7.3.1 CPU tuning

Table of Contents

Understanding CPU Tuning Goals

CPU tuning is about matching how the kernel, scheduler, and applications use the processor to what your system actually does. You try to reduce wasted CPU cycles, shorten response time for important tasks, and keep throughput high without causing instability.

Before changing anything, you need a clear performance goal. Typical goals include lowering latency for interactive or real time workloads, increasing throughput for batch processing or serving more web requests per second, or reducing CPU power usage and heat while keeping performance acceptable. All tuning steps should be guided by measurement. You observe current behavior, change one parameter at a time, then measure again.

Always change one tuning parameter at a time and measure the effect. Never tune blindly in production.

Measuring CPU Utilization and Bottlenecks

CPU tuning starts with knowing whether the CPU is actually the limiting factor. If the system is I/O bound or memory bound, CPU tuning will not solve the real problem.

You typically begin with tools like top or htop to get a quick overview. These show total CPU usage percentage, split across user, system, and idle time, and they list processes sorted by CPU consumption. For deeper insight you might use tools that show per core statistics, longer term averages, or how much time the CPU spends waiting for I/O. When you see high iowait, the CPU is idle while storage or network are slow, which is not primarily a CPU scheduling problem.

Another useful metric is run queue length. This is the number of runnable tasks waiting for CPU time. If each core has many tasks waiting most of the time and overall CPU usage is very high, then CPU is likely the bottleneck. If you have high load but low CPU utilization, then some other resource is slow and tasks are blocked.

You should also look at CPU usage patterns of individual processes. Some workloads spike for short periods, others keep one core at 100 percent constantly. The pattern tells you whether pinning processes to particular cores, isolating cores, or changing scheduling policy might help. Long running, CPU intensive batch jobs benefit more from affinity and core isolation, while short, bursty interactive jobs benefit from low latency scheduling.

Process Priority and Scheduling Policies

Linux assigns each process a scheduling policy and a priority inside that policy. You can influence how the scheduler treats a process by adjusting these values. This does not change how fast a single core is, but it changes which tasks get to run when there is contention.

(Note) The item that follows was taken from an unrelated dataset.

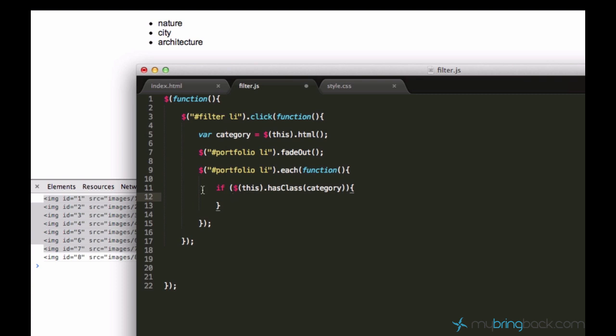And this hasClass function of jQuery, what it does, it checks if this element, this current element, has this class category. So if it does, it will run this code. If not, it won't do anything.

The normal scheduling class for most user processes is the Completely Fair Scheduler, often referred to as CFS. These processes share CPU time more or less fairly and use a nice value to express relative importance. Lower nice values mean higher priority within CFS, and higher nice values mean lower priority. Nice values are integers in the range from $-20$ to $+19$. A practical rule is that a process with nice $-10$ has significantly more weight than a process at nice $0$, and one at nice $10$ runs less often.

You can set the nice value when starting a process with the nice command, or change the priority of an existing process with renice. Raising the nice number reduces its CPU share, which can keep background tasks from disturbing latency sensitive applications. Conversely, slightly negative nice values can help give CPU bound services a larger share when they compete with many other processes.

Besides CFS, Linux has real time scheduling policies such as SCHED_FIFO and SCHED_RR. These policies are strictly priority based. Real time tasks can preempt normal tasks and, if misused, can starve them of CPU. Because of this, you should only use real time scheduling for applications that are designed to handle it, such as audio processing or certain control systems, and only after careful testing.

Misusing real time priorities can freeze a system. Never give arbitrary processes real time priority without a recovery plan.

CPU Affinity and Core Isolation

CPU affinity determines which cores a process is allowed to run on. By default the scheduler can move tasks across all cores to balance load. However, for some workloads you can gain performance or more predictable latency by restricting cores.

You can start a program with a given affinity using taskset, or change the affinity of an existing process. For example, you can confine a batch job to a subset of cores, leaving others free for interactive tasks. This can reduce cache pollution, improve predictability, and avoid competition between tasks that are sensitive to each other.

Core isolation is a stronger form of affinity, applied at the kernel level through boot parameters. Isolated cores are largely kept free of regular kernel work such as interrupts and background tasks. Then you run critical workloads on those isolated cores to get very stable timing. This is a common pattern for low latency trading systems or real time audio processing, where jitter in scheduling is more important than raw throughput.

You must be careful that you do not isolate too many cores. The remaining non isolated cores must still handle all regular tasks and kernel work. If they are overloaded, the entire system becomes sluggish, even if isolated cores are idle.

Balancing Power Saving and Performance

Modern CPUs support dynamic frequency scaling and power saving features. The kernel chooses a frequency governor that decides how aggressively the CPU clock speed changes in response to load. The main governors are usually performance, which keeps the CPU at a high frequency, powersave, which prefers lower frequency, and other adaptive modes that scale up and down according to demand.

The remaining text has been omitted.